INTELLIGENT CROWD ANALYSIS BY DETECTING AND COUNTING PEOPLE IN DENSELY CROWDED AERIAL IMAGES
Author(s):
Saeeda Kanwal1, Muhammad Khurram2, Muhammad Asad Arfeen3, Jie Li4
1 Postgraduate student, Department of Computer and Information Systems Engineering, NED University of Engineering and Technology, Pakistan, Ph. +92-336-8458203, Email: mkhurrum@neduet.edu.pk.
2 Associate Professor, Department of Computer and Information Systems Engineering, NED University of Engineering and Technology, Pakistan, Ph. +92-21-99261261, Fax: +92-21-99261255, Email: mkhurrum@neduet.edu.pk.

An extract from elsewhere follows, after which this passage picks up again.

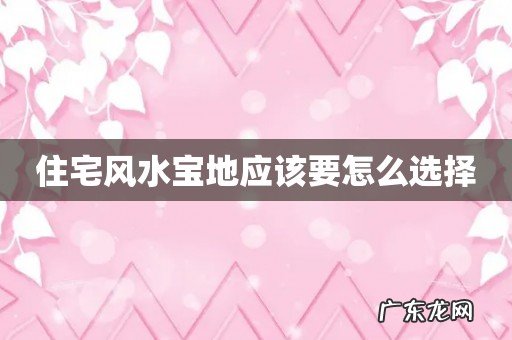 住宅风水宝地应该要怎么选择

3 Assistant Professor, Department of Computer and Information Systems Engineering, NED University of Engineering and Technology, Pakistan, Ph. Ph. +92-21-99261261, Fax: +92-21-99261255, Email: arfeen@neduet.edu.pk.

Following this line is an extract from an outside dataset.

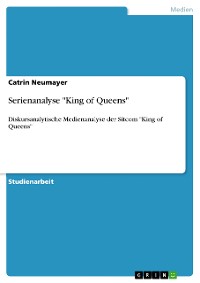 Cover Serienanalyse "King of Queens"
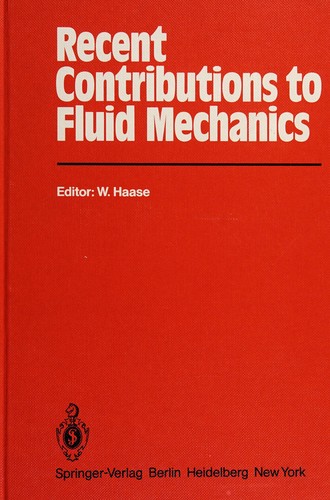 Recent contributions to fluid mechanics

4 Chief Technology Officer, Graham Innovations, Melbourne, Australia, Ph. +61-3-98744954, Email: Jack@grahaminnovations.com.
Volume:
Thematic Issue on Advances in Image and Video Processing
Pages:
57 - 64
Date:
May 2018
Abstract:
Crowd monitoring and analysis is an extremely focused area for visual surveillance and management of crowded events. A crowd counting method in densely crowded situations has been presented in this paper. The developed technique detects people and counts them in a massive dense crowd based on head region detection using a single aerial snap. Gaussian mixture model (an unsupervised machine learning technique) was employed to train the intelligent system for foreground detection (head) to obtain authentic segmentation outcomes. Further, by using blob analysis the numbers of people were estimated in the crowd. The approach is tested on different types of images and analysed in variety of situations with the head counts up to four thousand five hundred sixty three. The results showed accuracy up to ninety percent under different environmental conditions.